You will need to standup and RDS postgres instance and a lambda function that has a VPC access to the RDS instance - these can be created manually or with aws cloudformation. for the POC and keeping it simple the RDS instance is in the same VPC as the lambda function but in a different subnet and security group also the lambda function needs to have a policy to access the secrets manager - the RDS VPC is in the template.yml file at the moment but could be to use a more dynamic approach.
-
Create Secrets: Create two secrets in AWS Secrets Manager:
a. Database Credentials:
aws secretsmanager create-secret \ --name dev/janos \ --description "Database credentials for DLT function" \ --secret-string '{"username":"<your-username>","password":"<your-password>","host":"<your-host>","port":"<your-port>","database":"<your-database>"}'
b. API Credentials:
aws secretsmanager create-secret \ --name DLT_ApiCredentials \ --description "API credentials for DLT function" \ --secret-string '{"api_base_url":"<your-api-url>","api_token":"<your-api-token>"}'
-
Deploy the Stack: Use AWS SAM to deploy the stack:
sam build sam deploy
sam deploy --stack-name=dlt-etl-poc --resolve-image-repos --resolve-s3 --capabilities CAPABILITY_IAM
You can check out cloudformation to get the outputs of this command and the endpoint to call the api etc.
- Generate requirements.txt: We have to generate a requirements.txt file because the lambda function is packaged as an image and the dependencies are not available in the image.
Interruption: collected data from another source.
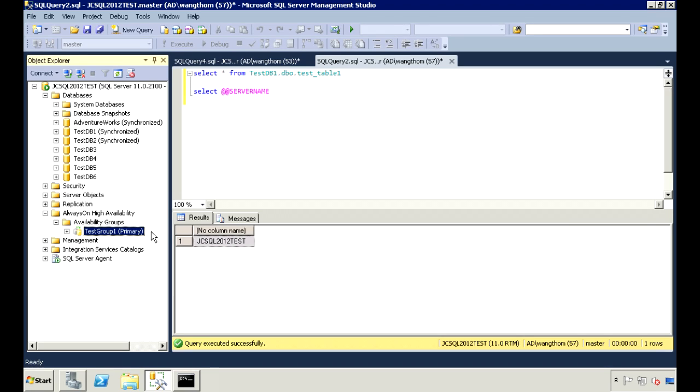Hi, everyone. In a previous video, I went over how to configure Always-On Availability Groups in SQL Server 2012. In this video, I'll go over availability groups in a bit more detail and cover what you can do with them after they're configured.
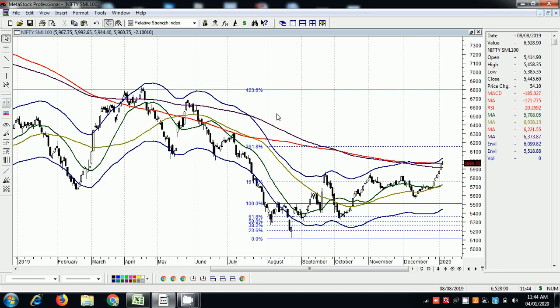Good morning. Today we are going to look at not a stock but an index using Fibonacci — this is the Nifty Small Cap Index. This is the chart.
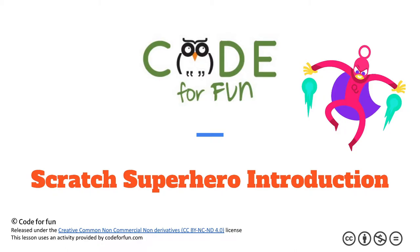Hi, welcome to our Scratch Superhero introduction class. In this class you'll be using your first computer programming language called Scratch to build your first program. Scratch is easy, it's kind of like virtual Legos. Let's get started.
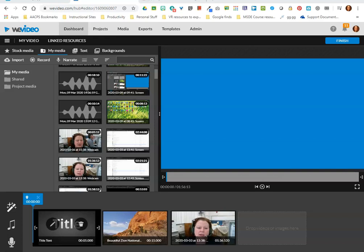Hello, AACPS staff. In this fourth installment of our WeVideo tutorials, we're going to begin looking at some very simple video editing tools that you can apply.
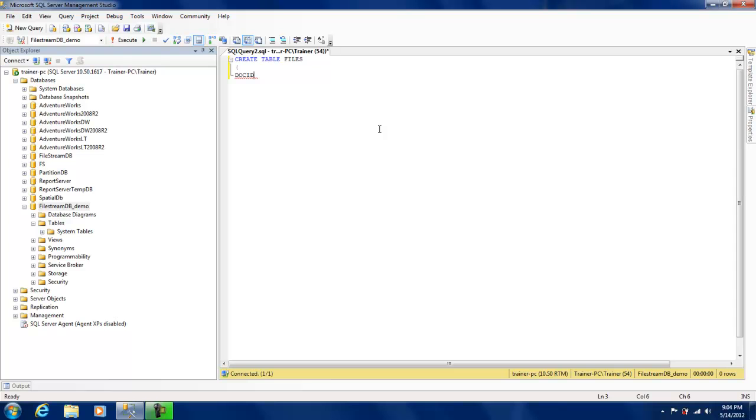There is a rule that in order to have a FILESTREAM enabled table, you need to at least have one column which is a UNIQUEIDENTIFIER which has ROWGUIDs in it. So that's what I'm going to do now.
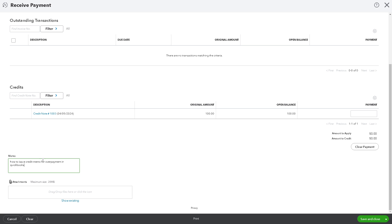From here you can add some information like a short memo or a message. You can also drag and drop files, but be mindful that the file size limit is 20 MB. When you're done, just click Save and Close.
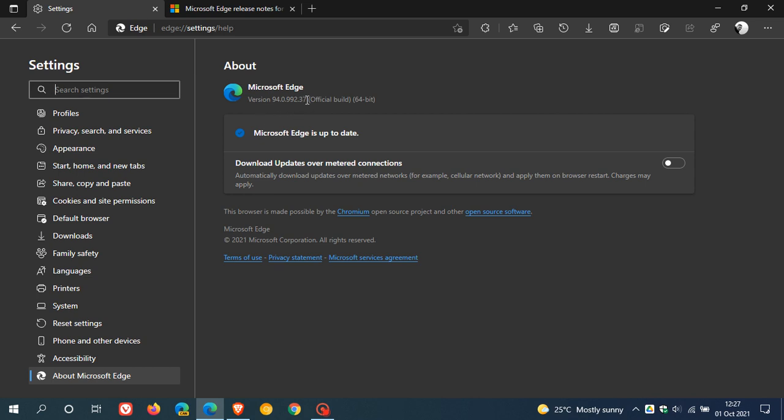So if you use Edge on a regular basis, this update will most probably take place in the background, but it's always good to check so that you're on version 94.0.992.37.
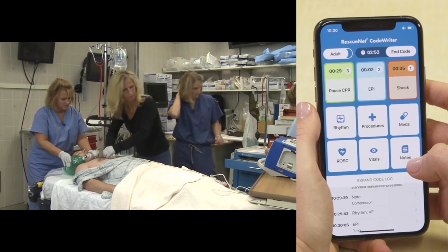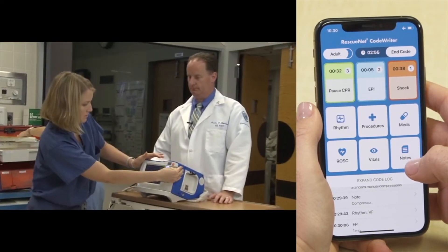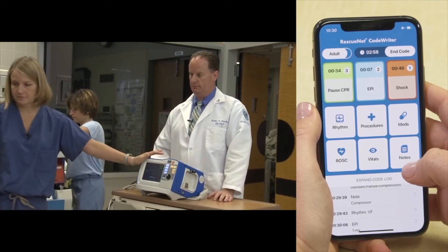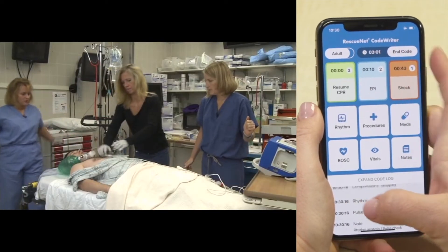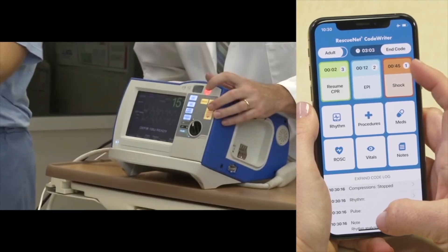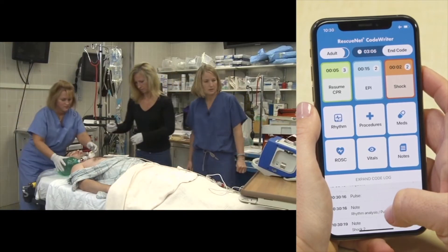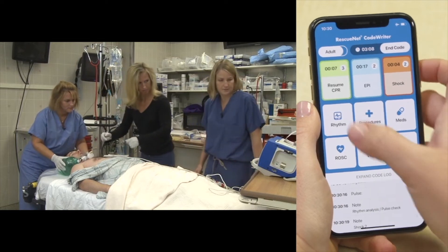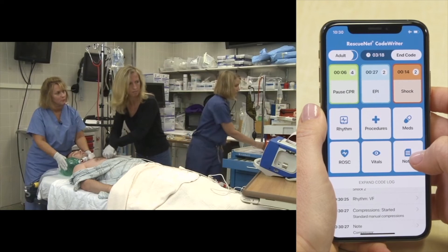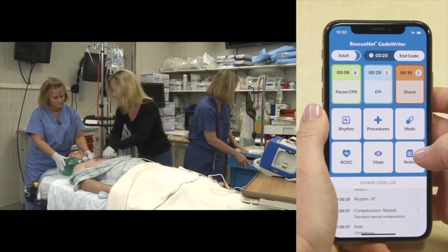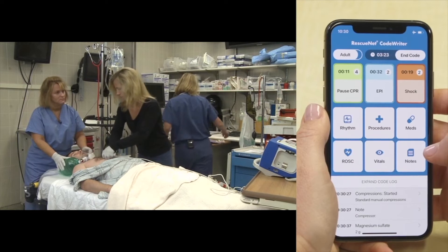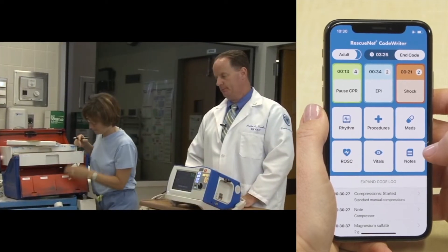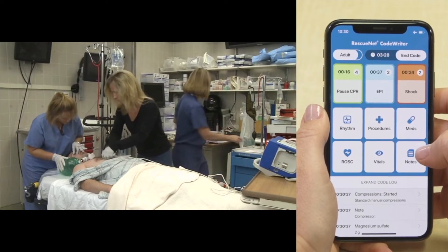The second shock is delivered. The rhythm remains V-fib. CPR continues and 300 mg of amiodarone is ordered. Labs are requested including ABGs and electrolytes. Magnesium is administered. The team monitors pupil reactivity — pupils remain unreactive and very dilated. Amiodarone is confirmed in and fluids are wide open with approximately one liter of saline given so far.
rye list --all > src/data_aws_lambda_etl/requirements.txt
The Lambda function is configured with:
- Timeout: 30 seconds
- Memory: 1024 MB
- VPC access for RDS connectivity
- Permissions to access Secrets Manager
The Lambda function uses the following environment variables:
DLT_PROJECT_DIR
: "/tmp"DLT_DATA_DIR
: "/tmp"DLT_PIPELINE_DIR
: "/tmp"DATABASE_CREDENTIALS_SECRET_ARN
: ARN of the database credentials secretAPI_CREDENTIALS_SECRET_ARN
: ARN of the API credentials secret
For local development, use the AWS Lambda Python 3.12 runtime:
public.ecr.aws/lambda/python:3.12
- DLT REST API Source
- DLT PostgreSQL Destination
- DLT AWS Taktile Blog - example of using dlt with lambda in production
To delete a secret:
aws secretsmanager delete-secret \
--secret-id arn:aws:secretsmanager:<region>:<account-id>:secret:<secret-name> \
--force-delete-without-recovery